• TASK PROMPT
After locating the line that contains "Air Jordan 1", transcribe exactly that line and each one after it until the data ends, skipping pictures.

• DATA SECTION

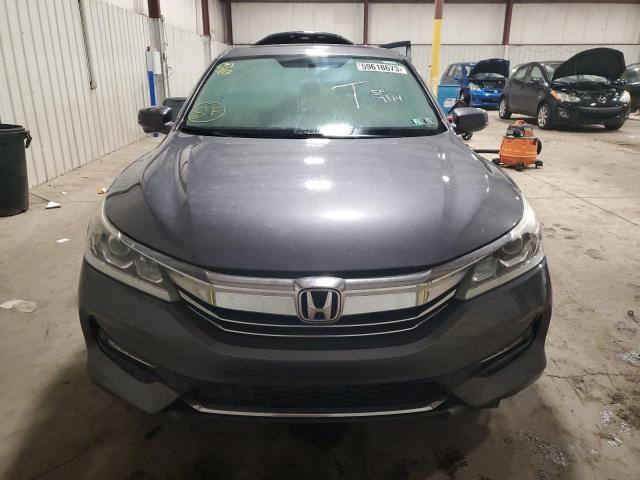 Photo 4 VIN: 1HGCR2F7XHA090803 - HONDA ACCORD 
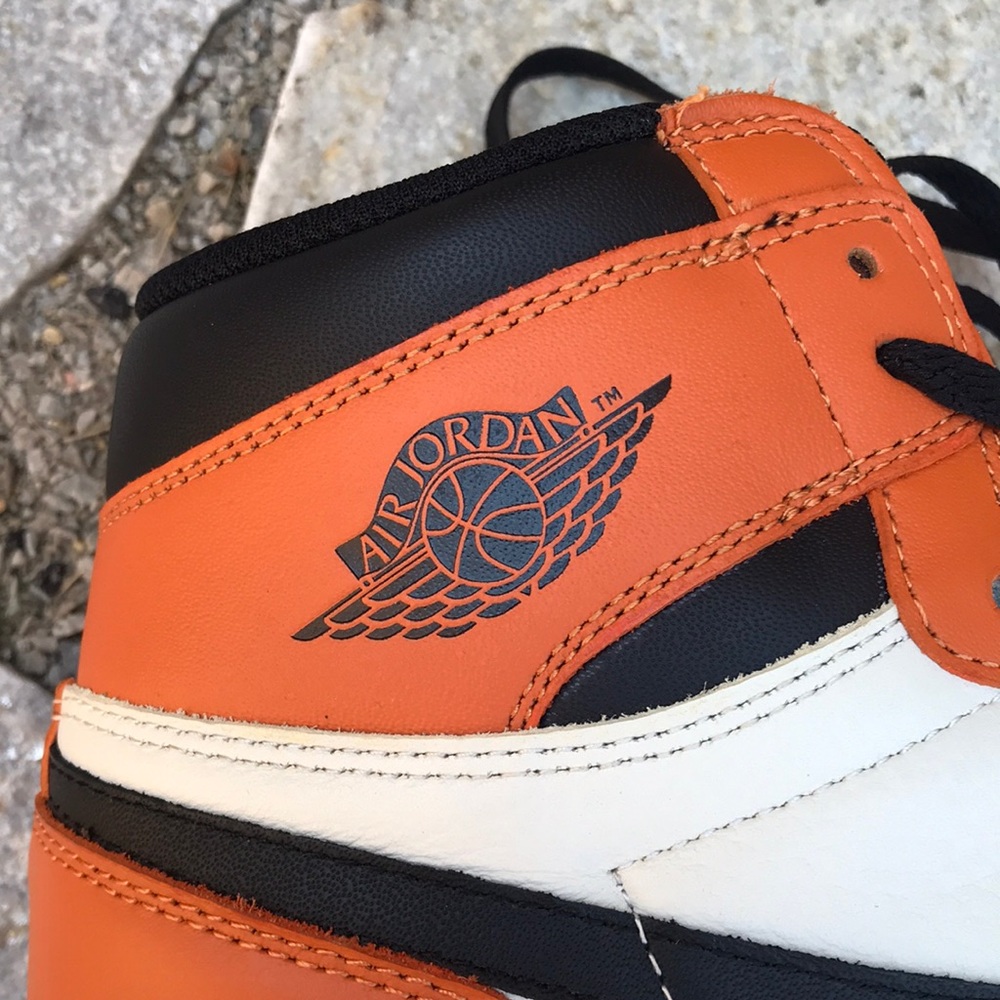 Air Jordan 1 Retro High OG 'Shattered Backboard Away' - Picture 7 of 17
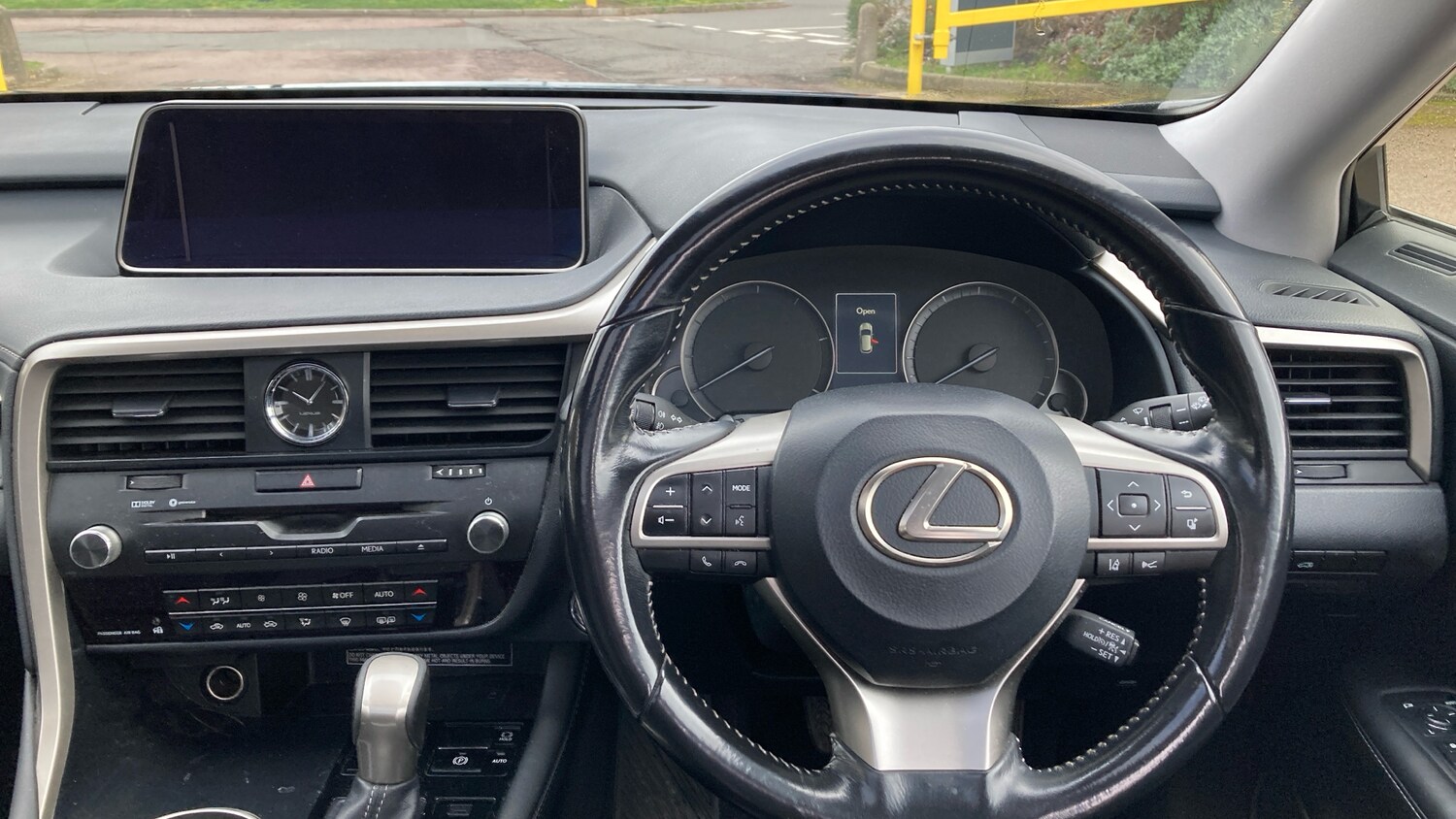 Used Lexus RX 2017 for sale - 77694052: Photo 6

• ANSWER SECTION
 Air Jordan 1 Retro High OG 'Shattered Backboard Away' - Picture 7 of 17
 Used Lexus RX 2017 for sale - 77694052: Photo 6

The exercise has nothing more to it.